**TASK REQUIREMENTS:** Please output only the lines running from the one that contains "MANGE TECHNOLOGY 88015" through the last line of the data below, exactly as they stand, with no pictures.

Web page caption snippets
BEGIN

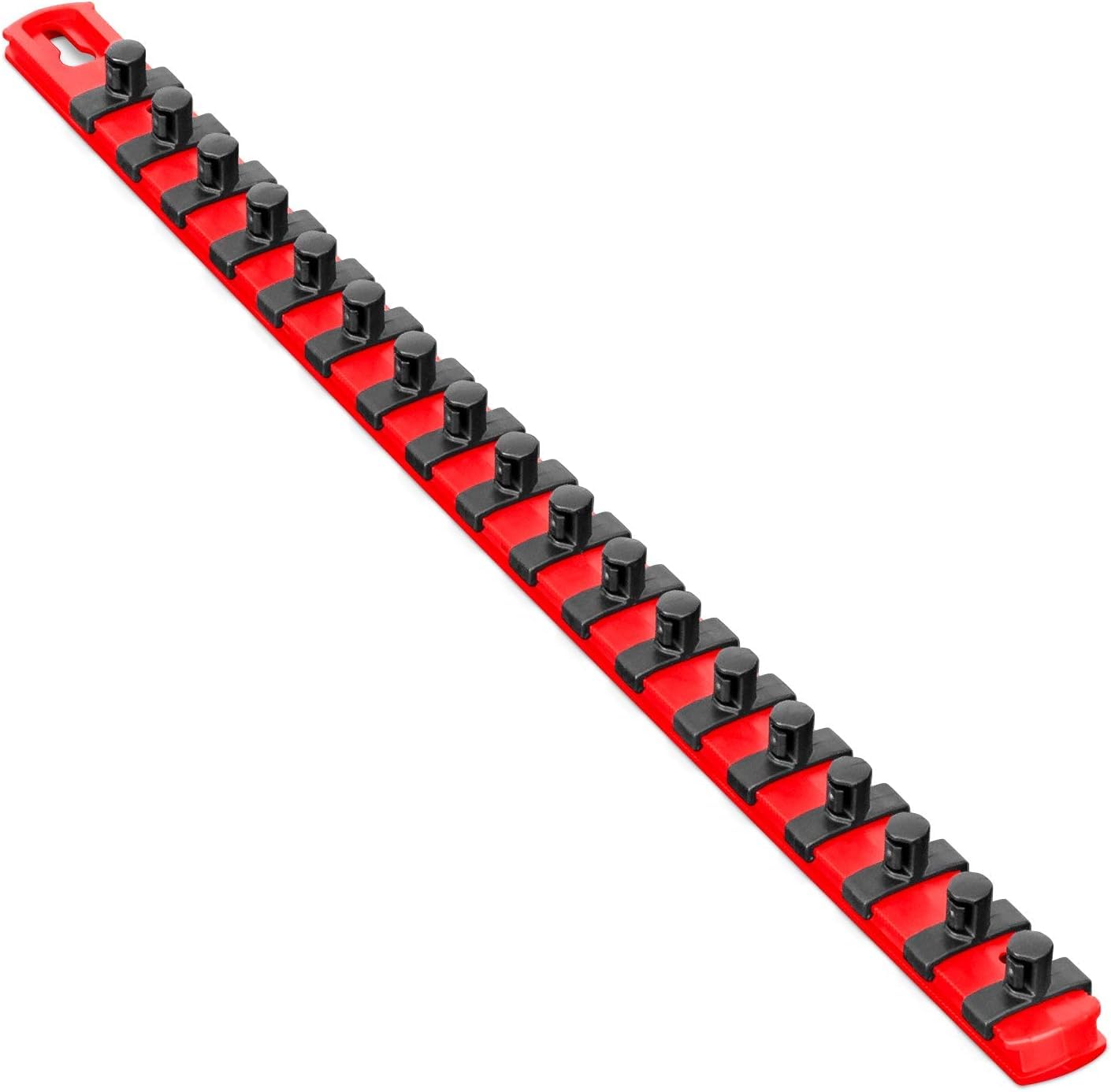 Ernst Manufacturing 18-Inch Socket Organizer with 18 3/8-Inch Twist Lock Clips, Red (8401-Red-3/8) (Pack of 5)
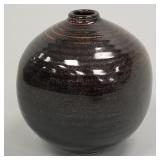 Otto & Vivika Heino vase with metallic flake glaze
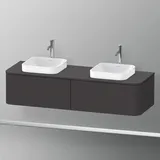 Duravit Waschtischunterschrank 2 Auszüge 160 x 35,4 cm Grau
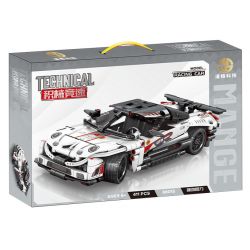 MANGE TECHNOLOGY 88015 non  APOCALYPSE GTR LÙI XE bộ đồ chơi xếp lắp ráp ghép mô hình  PORSCHE 9FF GT9-R Kỹ Thuật Công Nghệ Cao Mô Hình Phương Tiện 411 khối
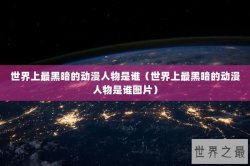 世界上最黑暗的动漫人物是谁（世界上最黑暗的动漫人物是谁图片）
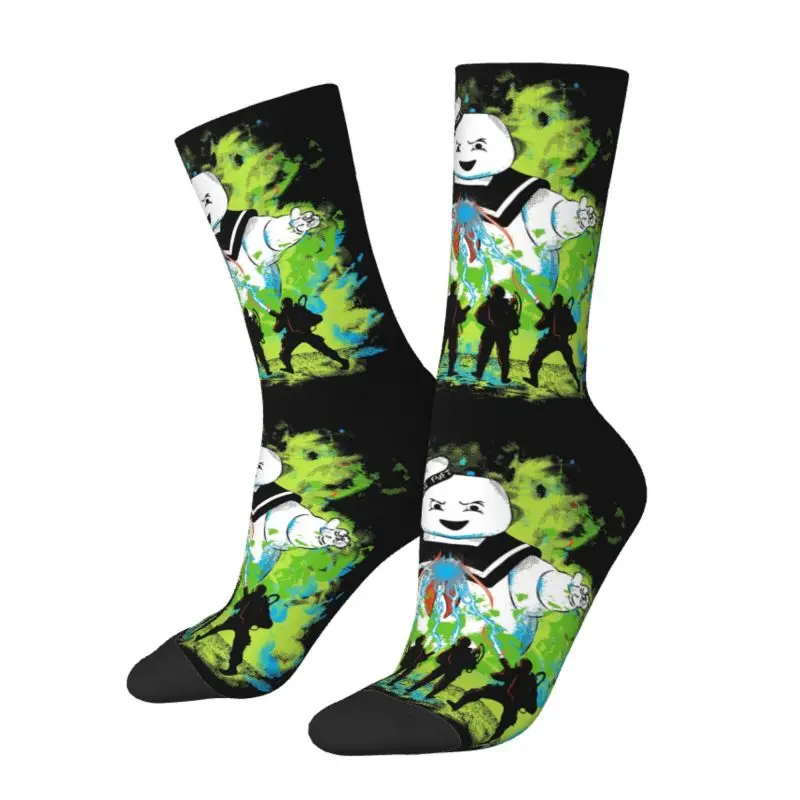 Cool Men's Ghostbusters Busters Dress Socks Unisex Warm Comfortable 3D Print Supernatural Ghosts Movie Crew Socks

END

**EXERCISE ANSWER:**
 MANGE TECHNOLOGY 88015 non  APOCALYPSE GTR LÙI XE bộ đồ chơi xếp lắp ráp ghép mô hình  PORSCHE 9FF GT9-R Kỹ Thuật Công Nghệ Cao Mô Hình Phương Tiện 411 khối
 世界上最黑暗的动漫人物是谁（世界上最黑暗的动漫人物是谁图片）
 Cool Men's Ghostbusters Busters Dress Socks Unisex Warm Comfortable 3D Print Supernatural Ghosts Movie Crew Socks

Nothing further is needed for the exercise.